Emergency power for offices and the network is provided by a single building UPS. This has a runtime of around 3 hours on battery, given our current power load. It is worth noting that the energy overhead of the building UPS is quite high, and consideration is being given to withdrawing it from service. No other University building has this level of cover for offices.
When power was reinstated at 1pm, the majority of services resumed reasonably quickly. However, the hardware failure of a disk controller in one of the storage arrays had a knock on effect for a number of services – eg AFS. Power to some less critical services (eg Hadoop cluster) wasn’t immediately restored, just in case the power had dropped again.

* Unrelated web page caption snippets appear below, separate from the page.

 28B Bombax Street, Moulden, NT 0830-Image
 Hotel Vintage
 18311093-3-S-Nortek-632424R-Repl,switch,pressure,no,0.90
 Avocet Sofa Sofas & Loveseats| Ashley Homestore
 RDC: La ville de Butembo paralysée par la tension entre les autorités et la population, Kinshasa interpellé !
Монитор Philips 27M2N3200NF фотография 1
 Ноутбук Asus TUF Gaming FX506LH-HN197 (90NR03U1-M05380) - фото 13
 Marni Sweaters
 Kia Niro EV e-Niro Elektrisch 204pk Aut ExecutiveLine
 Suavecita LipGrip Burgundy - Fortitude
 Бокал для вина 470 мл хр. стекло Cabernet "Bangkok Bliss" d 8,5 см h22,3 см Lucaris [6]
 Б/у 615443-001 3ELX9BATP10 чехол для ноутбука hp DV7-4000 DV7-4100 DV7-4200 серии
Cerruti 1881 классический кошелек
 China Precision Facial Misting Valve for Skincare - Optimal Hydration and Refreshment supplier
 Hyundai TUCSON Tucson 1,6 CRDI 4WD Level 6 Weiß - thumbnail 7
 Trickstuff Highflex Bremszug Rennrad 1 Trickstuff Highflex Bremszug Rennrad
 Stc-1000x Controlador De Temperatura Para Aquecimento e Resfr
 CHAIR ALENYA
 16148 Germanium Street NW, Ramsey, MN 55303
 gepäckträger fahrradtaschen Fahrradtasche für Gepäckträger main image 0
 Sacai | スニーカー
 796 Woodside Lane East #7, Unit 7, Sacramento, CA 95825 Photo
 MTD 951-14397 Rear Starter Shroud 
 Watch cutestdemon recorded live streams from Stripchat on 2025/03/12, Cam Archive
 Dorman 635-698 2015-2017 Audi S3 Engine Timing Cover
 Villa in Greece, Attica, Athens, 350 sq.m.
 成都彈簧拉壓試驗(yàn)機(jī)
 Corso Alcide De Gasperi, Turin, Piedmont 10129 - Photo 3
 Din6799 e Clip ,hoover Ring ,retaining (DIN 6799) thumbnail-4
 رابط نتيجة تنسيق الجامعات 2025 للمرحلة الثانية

You can read our post mortem here.
Thanks for the information about this Alastair.
From Bill Bordass’ energy report, the estimated energy overhead of the building UPS is 934 kWh a day, based on the experiment from January to March 2013 when the building UPS was turned off. This equates to 17.8% of the Forum’s energy consumption in 2012 (1,918,673 kWh), or about 500kg CO2 per day or £34,091 per year. Some of the overhead is due to the cooling required by the UPS. In fact the savings might not be quite that great, as the building UPS supplies the cooling for the server room, so a small UPS would be needed to take over the server room cooling. But I think the smaller UPS could run in an less energy-intensive mode, because the server room cooling could cope with a delay of the order of seconds for the UPS to kick in.
With my energy co-ordinator hat on, I’d say that the benefit we get from the building UPS isn’t worth the cost or the CO2 emissions.
From the point of view of the School, however, it is rational to keep the UPS on, as the electricity is on the University’s budget, not ours. I understand that energy devolution has been put on hold for an indefinite period.
From the University’s point of view, turning off our UPS would make sense in the context of the aim to reduce emissions by 3% a year. However, E&B seem to be pretty busy at the moment, so I don’t know when any UPS replacement might happen.